Recall that Anwar had convened parliament back then to prove his majority after Perikatan Nasional (PN) chairman and former premier Tan Sri Muhyiddin Yassin cast doubt if he has two-thirds support of the 222 lawmakers in the august house.
Fast forward 14 months later, veteran journalist and blogger Datuk A. Kadir Jasin reckoned that motion of no confidence will yet again serve as the best platform for Anwar to clear any doubt if he still commands the majority support of MPs in the Dewan Rakyat (the cut-off figure is to have 112 or more MPs on his side).
“If the opposition believes that the PM no longer commands the trust of majority of the MPs in the Dewan Rakyat, they can submit a motion of no confidence to oust him,” penned the national journalism laureate in a recent Facebook post.

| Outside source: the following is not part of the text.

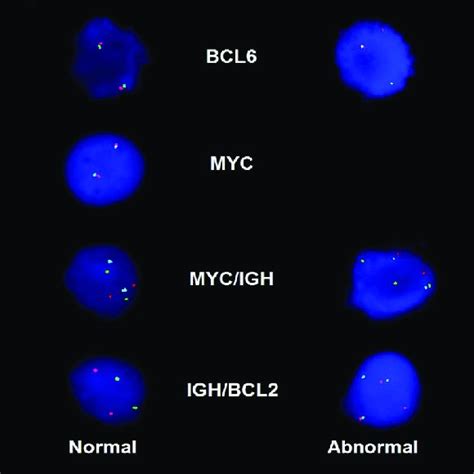 Low Grade Follicular Lymphoma Transforming Into Diffuse Large B Cell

“Supporters of the government can respond likewise by submitting a motion of confidence for him. In that manner, there is no need to use the backdoor method like SD (statutory declarations) or having to leverage the name of the Yang di-Pertuan Agong (YDPA).
“After all, if you call on the King with SDs, you will only arouse suspicion of the common people. They cannot see it but if you do it in the Parliament, the whole world can be your witness.”
Kadir was commenting on the proposal by Pasir Gudang MP Hassan Abdul Karim that every PM candidate should be determined through a vote of confidence in the Parliament instead of SDs.
“Hassan’s views are valid because he is not only a MP but also a lawyer and a senior member of PKR which is the PM Anwar’s political party,” asserted Kadir.
According to Kadir, Anwar who has for a long time presented himself as a democrat and a renaissance man committed to transparency and accountability “can make a democratic shift by exposing himself to a vote of confidence in Parliament”.
“I mean a specific vote of confidence, not indirectly through a budget vote for example,” insisted Kadir. “From the tone of voice and behaviour of government supporters, I think he doesn’t need to worry about facing a vote of confidence. He himself has said that the government has two-thirds support.”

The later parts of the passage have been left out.